Task statement:
Write out the records below from the first line through the line containing "garotinha sentada nas", leaving out any pictures.
::::
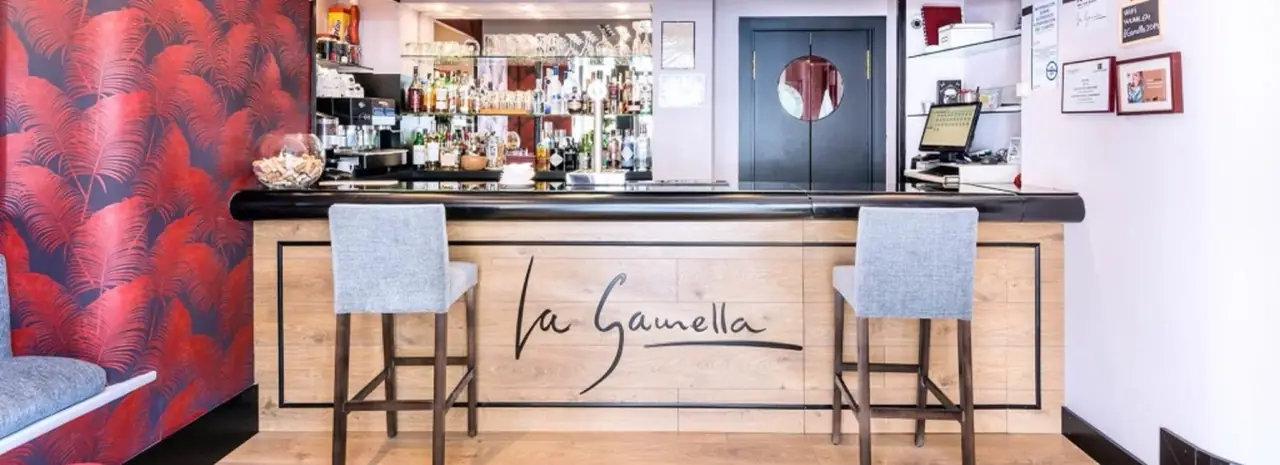 Bar counter with the name La Gamella scripted on its wood-panelled front, two grey bar stools, back bar shelves of spirits and glassware, red palm-print wallpaper to the left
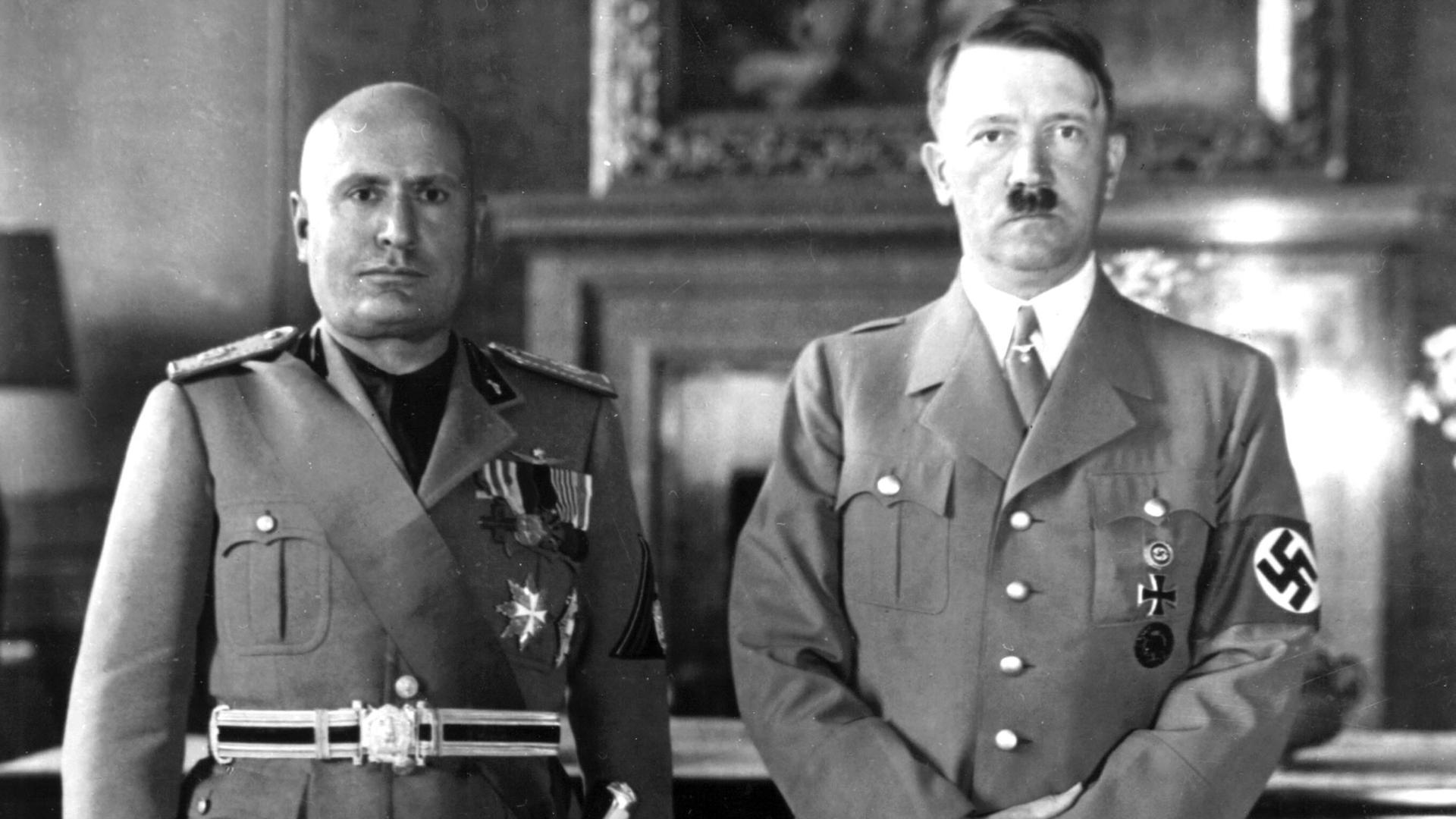 Hitler und Mussolini stehen nebeneinander. Sie tragen Uniform und schauen streng in die Kamera.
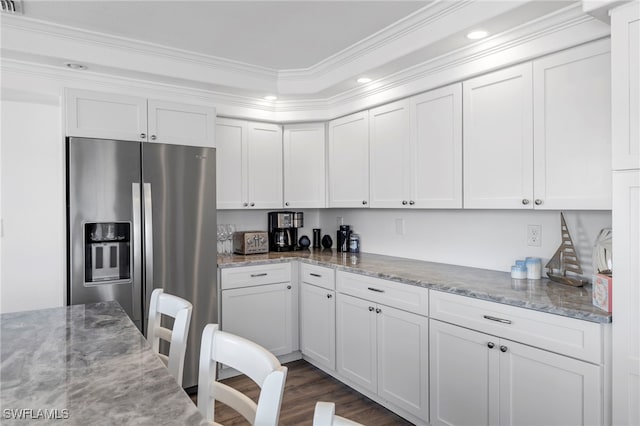 kitchen with stainless steel refrigerator with ice dispenser, dark wood-type flooring, ornamental molding, light stone countertops, and white cabinets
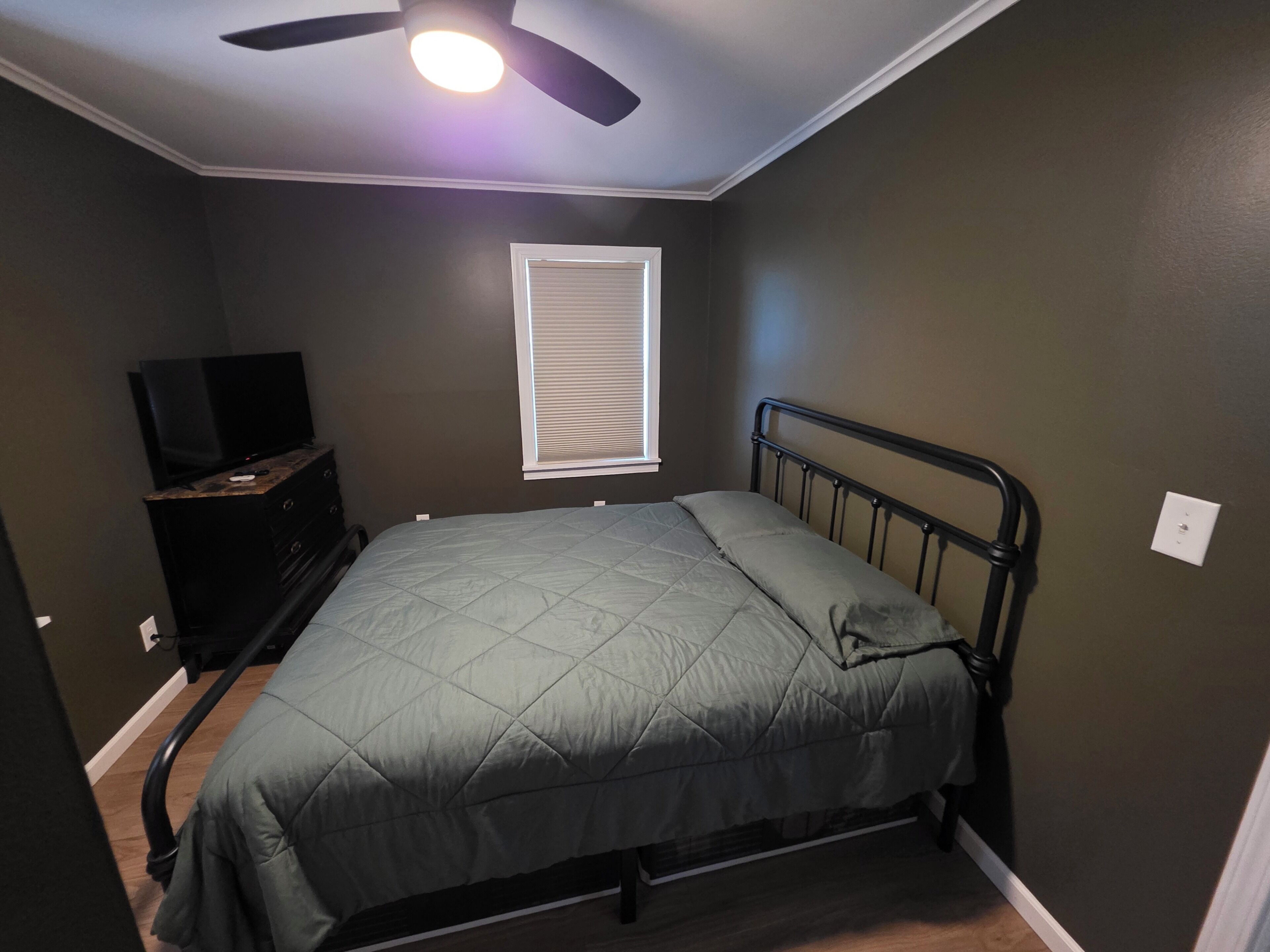 Een slaapkamer met een bed, een plafondventilator, een raam met zonwering en een dressoir met een televisie.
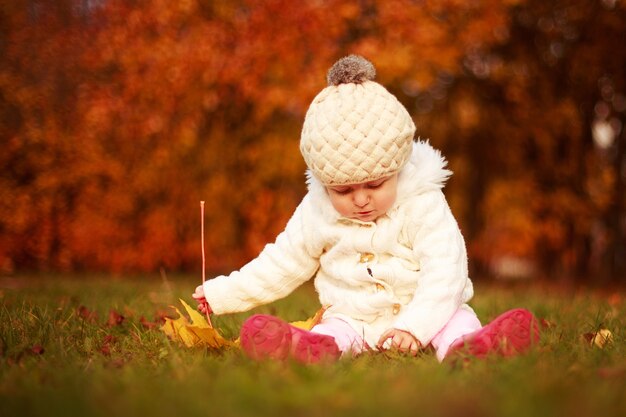 garotinha sentada nas folhas caídas no parque de outono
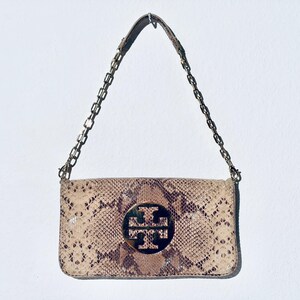 Può includere: Una borsa rettangolare con un motivo a pelle di serpente nei toni del beige e del marrone. Presenta una tracolla a catena color oro e un emblema circolare con un logo al centro. La borsa è sospesa su uno sfondo bianco.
::::
Response area:
 Bar counter with the name La Gamella scripted on its wood-panelled front, two grey bar stools, back bar shelves of spirits and glassware, red palm-print wallpaper to the left
 Hitler und Mussolini stehen nebeneinander. Sie tragen Uniform und schauen streng in die Kamera.
 kitchen with stainless steel refrigerator with ice dispenser, dark wood-type flooring, ornamental molding, light stone countertops, and white cabinets
 Een slaapkamer met een bed, een plafondventilator, een raam met zonwering en een dressoir met een televisie.
 garotinha sentada nas folhas caídas no parque de outono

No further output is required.